--- What you will do ---
In the data below, the answer is the run of lines from the line containing "medakaya_gorey's tweet photo. 宮桜2ペアでの採卵🐟" through the line containing "針子んとこ入れて放置かな💦 https://t.co/V83IwhULqy", both included; print it exactly and nothing else.

--- Data supplied ---
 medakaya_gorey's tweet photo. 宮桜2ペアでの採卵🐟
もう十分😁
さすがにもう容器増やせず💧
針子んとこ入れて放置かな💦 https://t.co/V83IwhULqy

...

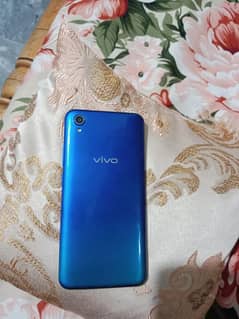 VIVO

---

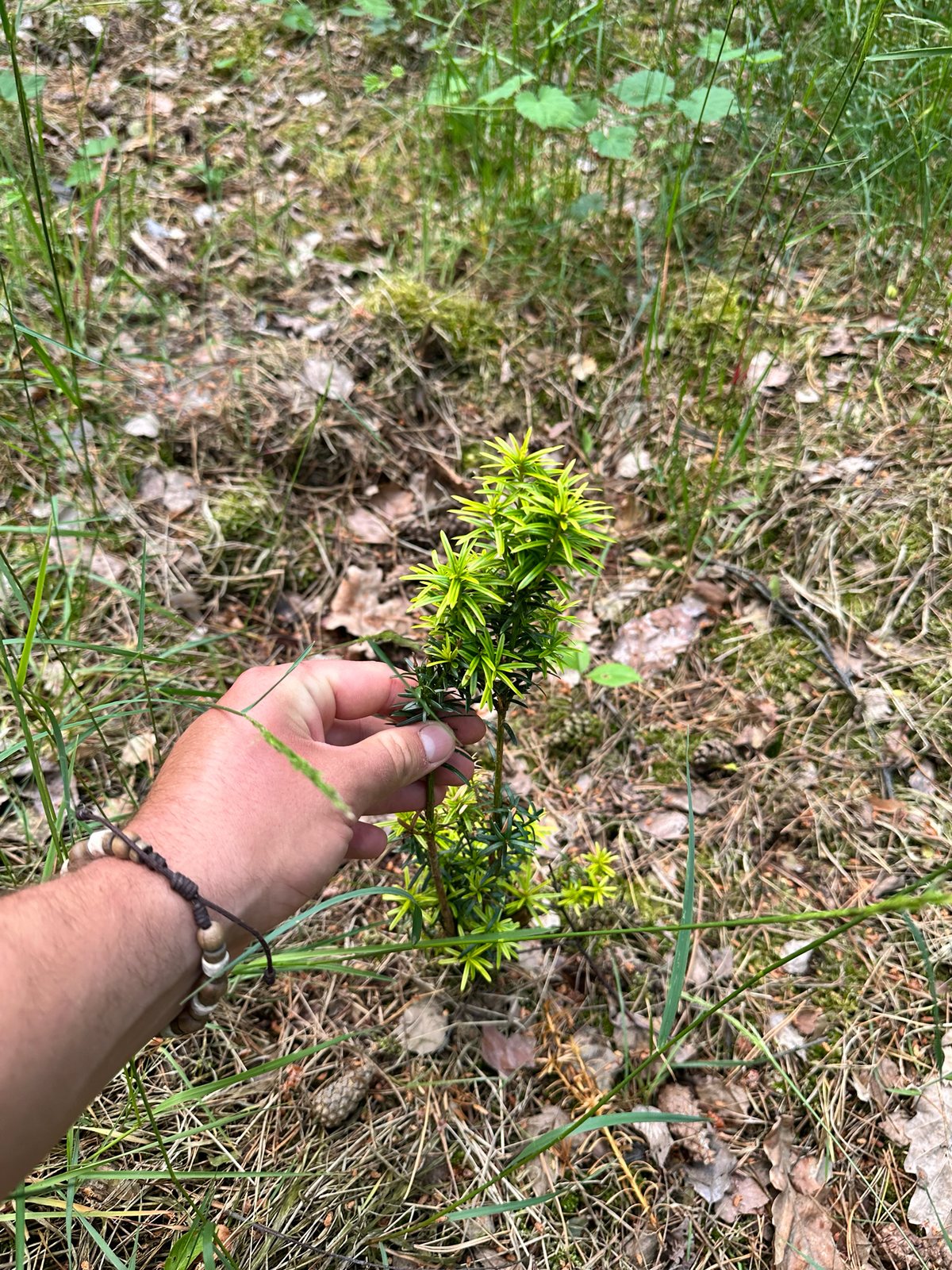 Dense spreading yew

--- Answer section ---
 medakaya_gorey's tweet photo. 宮桜2ペアでの採卵🐟
もう十分😁
さすがにもう容器増やせず💧
針子んとこ入れて放置かな💦 https://t.co/V83IwhULqy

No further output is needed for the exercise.